→ **EXERCISE GOAL**: Could you copy the records below exactly, leaving out any pictures they include?

+===+

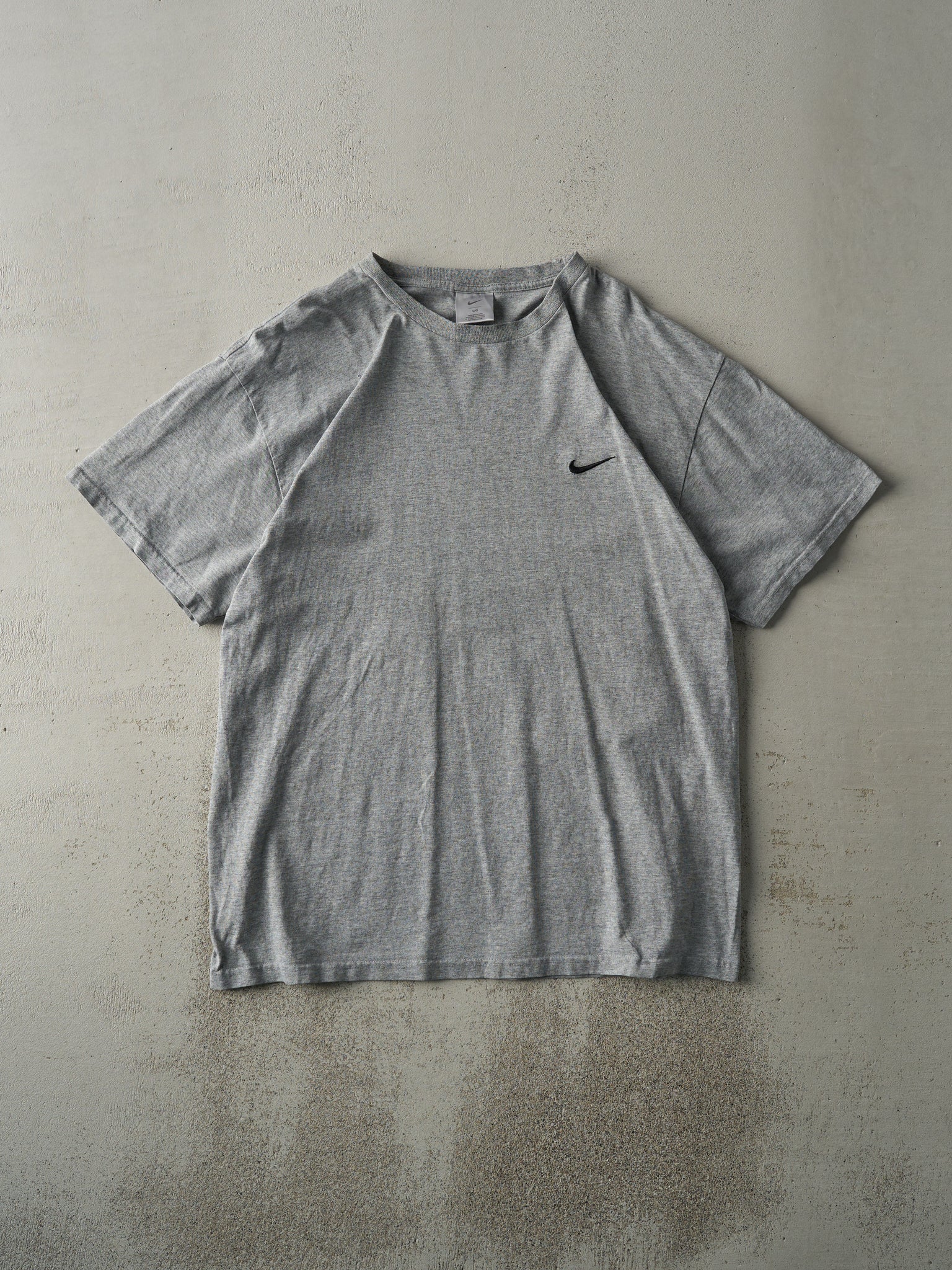 Vintage Y2K Grey Embroidered Nike Swoosh Tee (L)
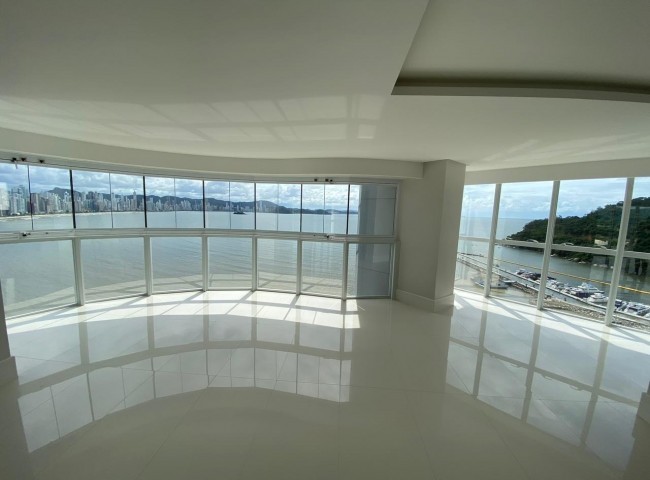 Apartamento 4 dormitórios Ibiza Towers, Frente Mar - Balneário Camboriú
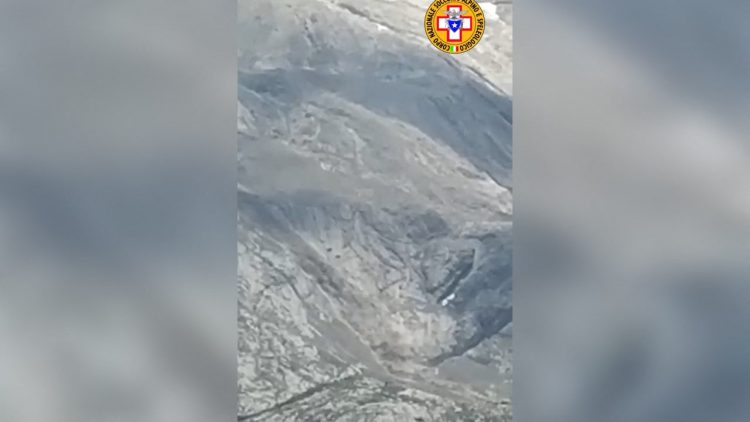 U Italiji četvoro mrtvih pošto se komad alpskog glečera obrušio na planinare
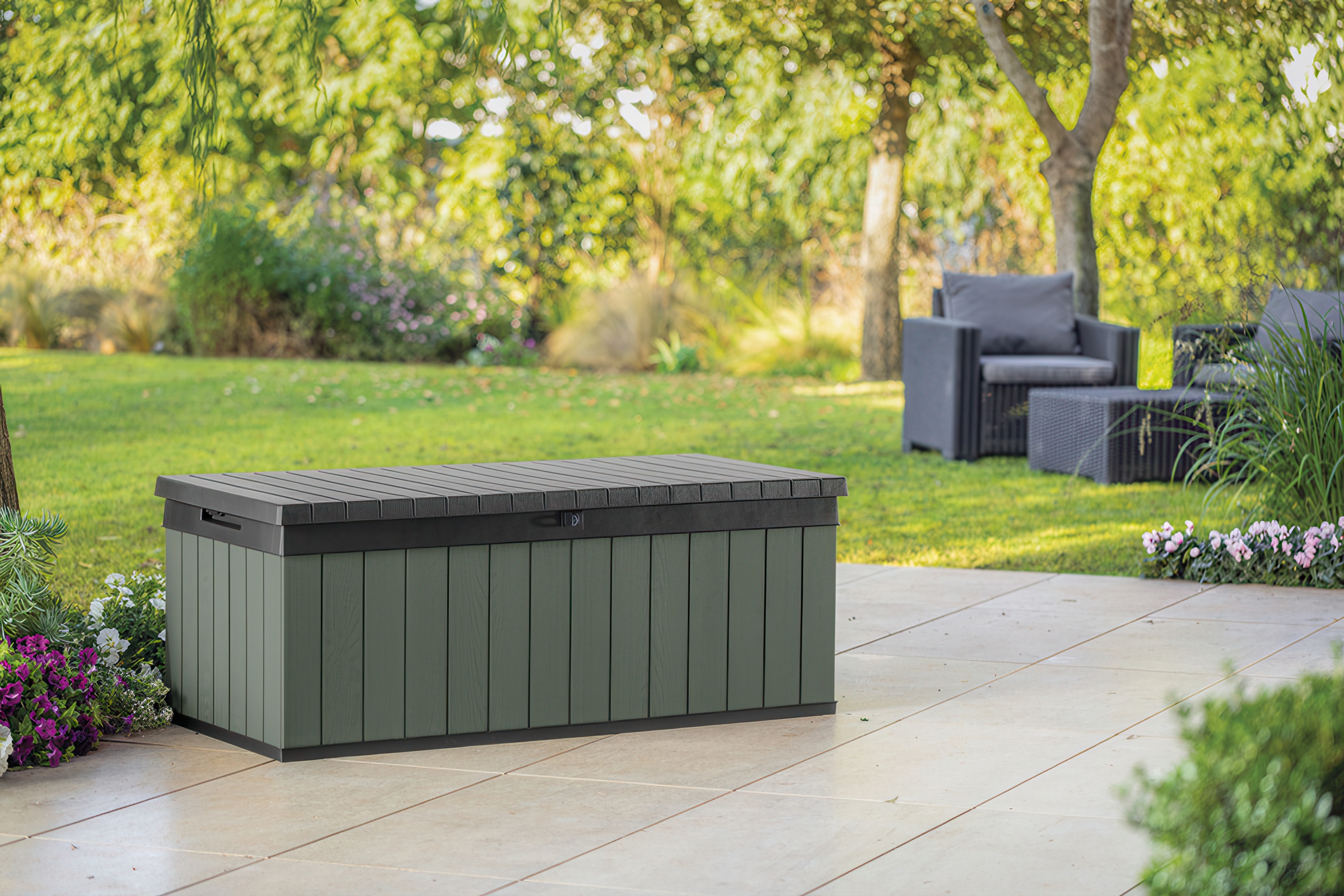 Wizualizacja zielonej skrzyni narzędziowej w ogrodzie na tarasie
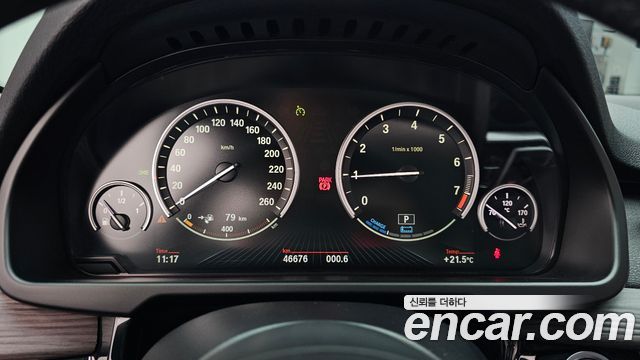 BMW X5 2018 — photo 11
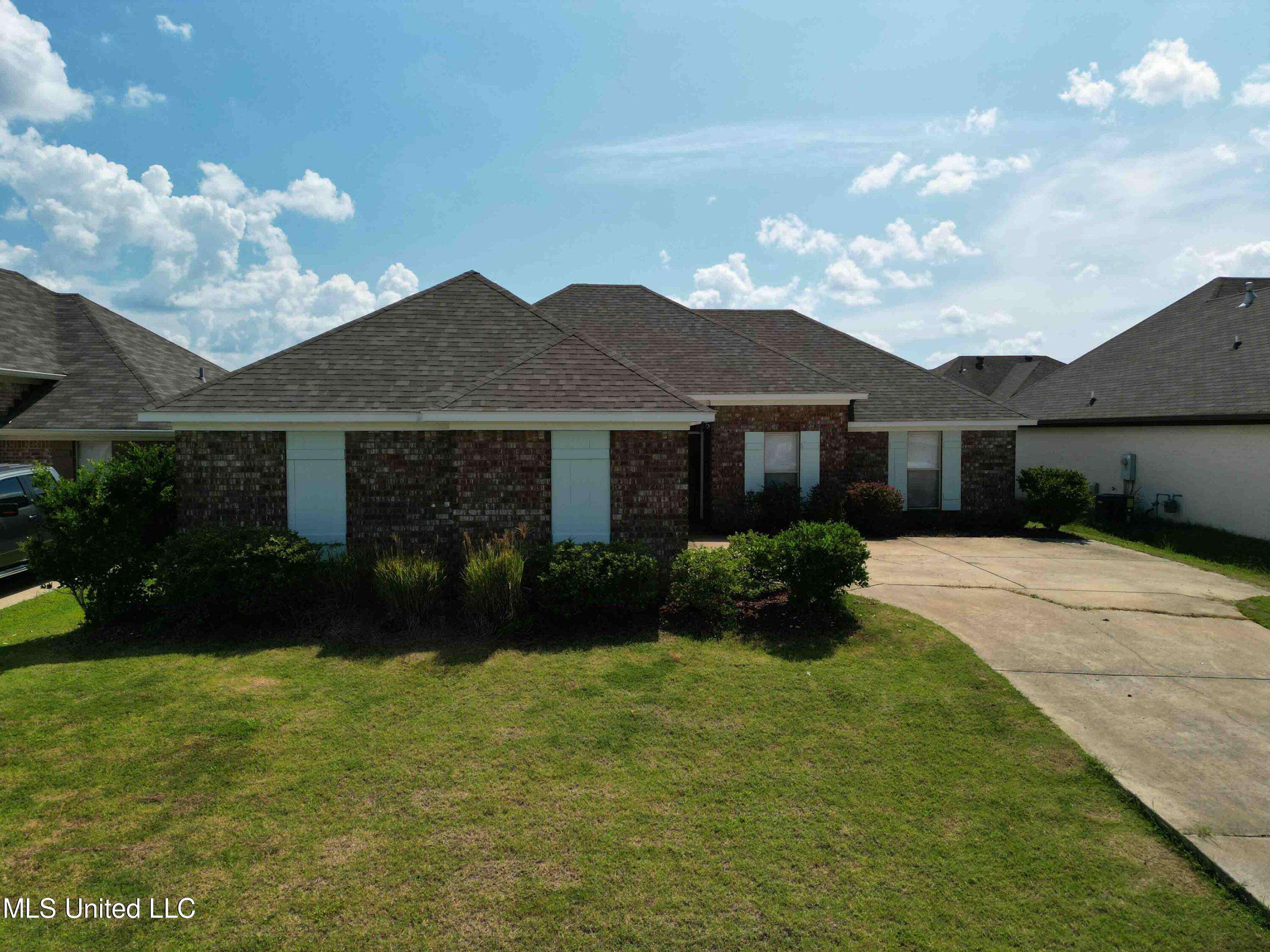 221 Greenfield Ridge Drive Brandon, MS 39042 - Photo 26 of 28 221GreenfieldRidgeDr-2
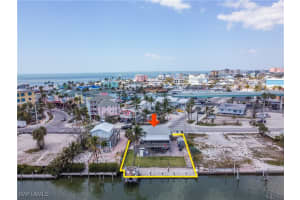 340 Crescent St, Fort Myers Beach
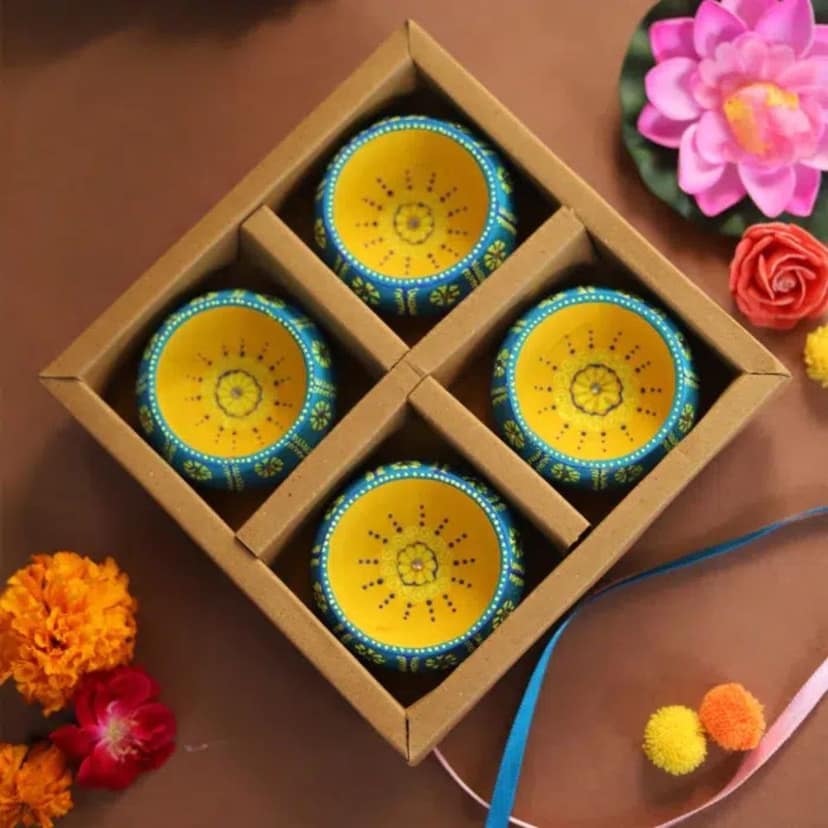 DECOREER Terracotta Dekchi Tealight Holder Set of 4 view 2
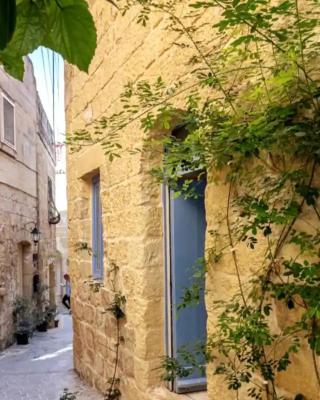 Historic Hideaways - 900 Year Old Converted Studios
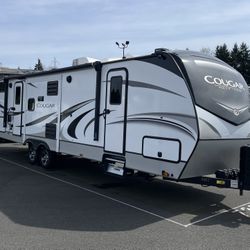 21’ Keystone Cougar 31BHKWE Travel trailer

+===+

→ **ANSWER TO THE EXERCISE**:
 Vintage Y2K Grey Embroidered Nike Swoosh Tee (L)
 Apartamento 4 dormitórios Ibiza Towers, Frente Mar - Balneário Camboriú
 U Italiji četvoro mrtvih pošto se komad alpskog glečera obrušio na planinare
 Wizualizacja zielonej skrzyni narzędziowej w ogrodzie na tarasie
 BMW X5 2018 — photo 11
 221 Greenfield Ridge Drive Brandon, MS 39042 - Photo 26 of 28 221GreenfieldRidgeDr-2
 340 Crescent St, Fort Myers Beach
 DECOREER Terracotta Dekchi Tealight Holder Set of 4 view 2
 Historic Hideaways - 900 Year Old Converted Studios
 21’ Keystone Cougar 31BHKWE Travel trailer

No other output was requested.